Thomas Trevelyon (born circa 1548) lived in England (probably London) and is believed to have been an embroidery pattern drawer. He is long known for having compiled two large manuscript miscellanies, the Miscellany of 1608 now in the collection of the Folger Shakespeare Library, and the Great Book of 1616 now in the library at Wormsley Park. A third miscellany, in the collection of University College London was identified as being in his hand in 2012, and dates to circa 1603.

He spelled his surname "Trevelyon" in the Folger Miscellany and "Trevilian" in the Wormsley Great Book. The "Trevelyon" spelling was established in scholarly literature by 1966, but the "Trevilian" spelling was used in the monograph published in 2000 that resulted in his name entering the Library of Congress Authority File for the first time.

Other than his own calligraphic rendering of his name, nothing approaching a portrait of Thomas Trevelyon exists. The drawing entitled "The author's apostrophe to the reader" once thought to be a self-portrait is, in fact, a stock figure illustrating a text bearing the title "The author's apostrophe to the reader" that Trevelyon copied out.
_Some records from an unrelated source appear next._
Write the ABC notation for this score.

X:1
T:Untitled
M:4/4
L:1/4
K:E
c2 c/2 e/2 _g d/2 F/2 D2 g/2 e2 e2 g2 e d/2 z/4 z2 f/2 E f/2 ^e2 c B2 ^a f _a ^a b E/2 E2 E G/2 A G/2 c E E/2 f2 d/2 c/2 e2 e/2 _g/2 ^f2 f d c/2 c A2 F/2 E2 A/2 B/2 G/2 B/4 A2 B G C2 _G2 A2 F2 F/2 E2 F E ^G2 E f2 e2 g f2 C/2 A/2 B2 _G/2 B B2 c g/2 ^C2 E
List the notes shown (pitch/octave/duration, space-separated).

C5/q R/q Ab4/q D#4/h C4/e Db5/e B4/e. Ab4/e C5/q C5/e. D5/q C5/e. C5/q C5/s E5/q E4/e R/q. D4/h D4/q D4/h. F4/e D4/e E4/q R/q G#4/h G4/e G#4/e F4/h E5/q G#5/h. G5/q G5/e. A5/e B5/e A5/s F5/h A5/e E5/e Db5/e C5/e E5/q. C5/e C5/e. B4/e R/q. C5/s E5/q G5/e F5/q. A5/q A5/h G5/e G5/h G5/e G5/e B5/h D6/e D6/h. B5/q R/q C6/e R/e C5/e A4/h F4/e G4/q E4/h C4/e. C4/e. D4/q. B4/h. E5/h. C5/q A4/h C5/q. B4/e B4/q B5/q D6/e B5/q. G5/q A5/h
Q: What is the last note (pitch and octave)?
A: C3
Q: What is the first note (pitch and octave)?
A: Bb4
In 2000 Susan Shaw's Merrion Press created for the Roxburghe Club a facsimile copy of "The Great Book of Thomas Trevilian" in two volumes edited by Nicolas Barker. The book was to be given to the club's members and sold. A copy of Shaw's facsimile book in 2020 was on sale for £2,200. The seller claimed that it is "perhaps" the "greatest monument to the arts of the book at the turn of the twentieth century".